5. CONSIDERAÇÕES FINAIS

A análise do processo como um todo revelou que o conceito de substância aparece em

diferentes momentos do curso de Licenciatura em Química da UNEB, embora as abordagens

nos componentes curriculares não explicitem claramente o seu significado. A ausência de

discussão e de exercícios que possibilitem o emprego do conceito não favoreceu a

aprendizagem dos estudantes, conduzindo a critérios conceituais impróprios e obscuros;

dificuldades na aplicação de critérios para classificação de um objeto como substância;

sistema conceitual restrito, com relações conceituais pouco claras; conceituação espontânea.

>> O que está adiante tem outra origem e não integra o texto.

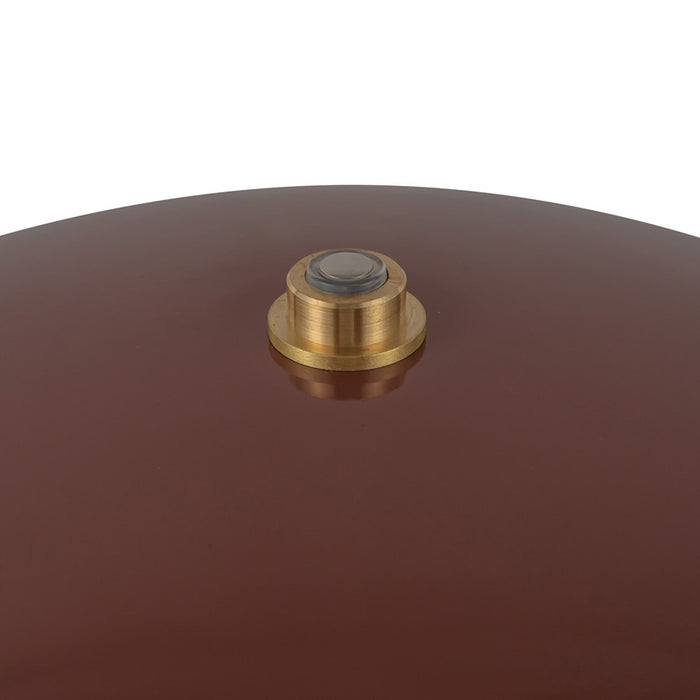 Kuzco Poppy 12" LED Table Lamp, Burgundy/Steel Shade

As dificuldades dos estudantes em conceituar substância quimicamente e justificar o seu uso

apontam a necessidade de uma abordagem de ensino que favoreça a compreensão de seu real

significado.

A partir dos resultados alcançados, apontaremos possíveis encaminhamentos de

soluções para os problemas detectados.

Por se tratar de um conceito estruturante, basilar para a compreensão do sistema

conceitual da Química, sugerimos que o conceito de substância seja contemplado desde o

início do curso, em disciplinas como Química Geral I ou em componentes curriculares que

possibilitem discussões acerca dos conceitos estruturantes do pensamento químico.

Vale destacar que é preciso rememorar o significado de substância em outros

momentos do curso, de modo que as experiências de ensino e de aprendizagem desenvolvam

no sujeito a capacidade de generalizar e abstrair características dos materiais que lhe

permitam criar uma classe/categoria para o conceito químico de substância.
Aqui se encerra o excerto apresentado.